[Task item]
The lines needed are those below that contain the word "Apartment"; copy each one.

--- --- ---

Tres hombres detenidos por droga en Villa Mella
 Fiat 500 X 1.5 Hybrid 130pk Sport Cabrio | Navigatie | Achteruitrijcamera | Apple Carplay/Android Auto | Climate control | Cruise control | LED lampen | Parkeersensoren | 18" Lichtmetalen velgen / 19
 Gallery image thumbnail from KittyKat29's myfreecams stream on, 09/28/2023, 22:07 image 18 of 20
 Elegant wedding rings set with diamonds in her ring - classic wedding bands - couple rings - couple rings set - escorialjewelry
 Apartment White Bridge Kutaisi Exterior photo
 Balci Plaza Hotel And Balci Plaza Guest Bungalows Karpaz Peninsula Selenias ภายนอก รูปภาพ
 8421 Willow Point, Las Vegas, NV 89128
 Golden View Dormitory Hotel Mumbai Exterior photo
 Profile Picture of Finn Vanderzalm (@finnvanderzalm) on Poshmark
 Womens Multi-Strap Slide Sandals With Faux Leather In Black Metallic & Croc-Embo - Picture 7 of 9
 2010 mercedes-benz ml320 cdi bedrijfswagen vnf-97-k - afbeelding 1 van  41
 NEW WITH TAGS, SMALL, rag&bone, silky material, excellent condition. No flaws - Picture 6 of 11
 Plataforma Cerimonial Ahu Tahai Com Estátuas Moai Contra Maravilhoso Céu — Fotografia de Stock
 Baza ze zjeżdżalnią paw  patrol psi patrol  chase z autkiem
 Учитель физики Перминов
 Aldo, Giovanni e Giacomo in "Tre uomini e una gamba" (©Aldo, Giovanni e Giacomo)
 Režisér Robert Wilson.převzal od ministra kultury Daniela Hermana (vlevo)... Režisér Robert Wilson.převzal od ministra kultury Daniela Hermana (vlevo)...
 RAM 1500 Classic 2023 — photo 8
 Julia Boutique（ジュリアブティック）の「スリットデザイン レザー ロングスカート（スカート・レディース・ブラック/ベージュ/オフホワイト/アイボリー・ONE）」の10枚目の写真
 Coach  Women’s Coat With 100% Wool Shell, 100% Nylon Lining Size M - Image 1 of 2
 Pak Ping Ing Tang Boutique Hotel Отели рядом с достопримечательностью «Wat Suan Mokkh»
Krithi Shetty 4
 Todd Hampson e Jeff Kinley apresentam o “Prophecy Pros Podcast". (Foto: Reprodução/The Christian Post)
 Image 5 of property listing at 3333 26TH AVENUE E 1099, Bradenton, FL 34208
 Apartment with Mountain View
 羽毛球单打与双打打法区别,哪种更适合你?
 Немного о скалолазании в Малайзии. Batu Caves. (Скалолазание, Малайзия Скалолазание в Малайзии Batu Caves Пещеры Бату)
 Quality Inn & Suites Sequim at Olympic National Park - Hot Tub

--- --- ---

[Solution to this exercise]
 Apartment White Bridge Kutaisi Exterior photo
 Apartment with Mountain View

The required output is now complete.